Personio verfügt auf der internationalen Bewertungsplattform G2 über 863 Bewertungen und gehört damit zu den am breitesten besprochenen HR-Systemen im deutschsprachigen und internationalen Markt. HRworks wird regelmäßig von OMR Reviews ausgezeichnet, unter anderem als eine der beliebtesten HR-Softwarelösungen im Mittelstand, gestützt auf Bewertungen aus dem eigenen Kundenstamm des Anbieters. Bewertungsportale unterliegen einem Selbstselektions-Bias und sind ein sinnvoller Ausgangspunkt für die eigene Recherche, ersetzen aber keine eigene Live-Demo mit realen Anwendungsfällen aus dem eigenen Unternehmen.

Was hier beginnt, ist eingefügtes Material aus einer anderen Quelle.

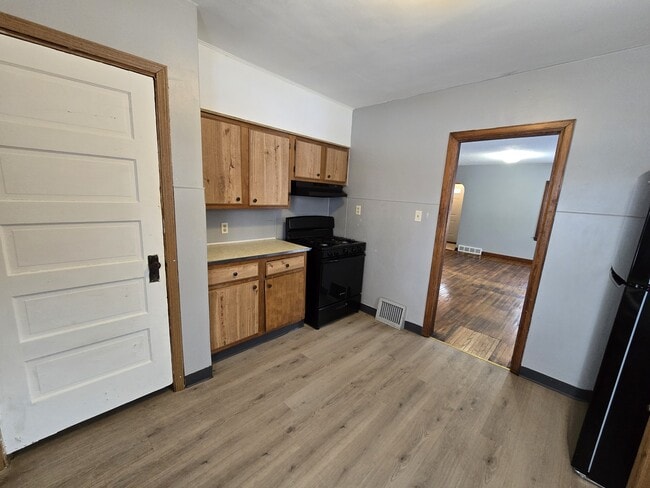 Building Photo - 401 Charles St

Ein Wechsel zwischen HR-Systemen ist grundsätzlich möglich, erfordert aber eine sorgfältige Migration von Personalstammdaten, Abwesenheits- und Lohnhistorien sowie laufenden Genehmigungsprozessen. Beide Anbieter unterstützen Datenexporte und bieten Onboarding-Begleitung für den Umstieg an, der Aufwand hängt stark von der Zahl der Mitarbeitenden, der Historie und angebundenen Drittsystemen wie DATEV oder Reisekosten-Tools ab.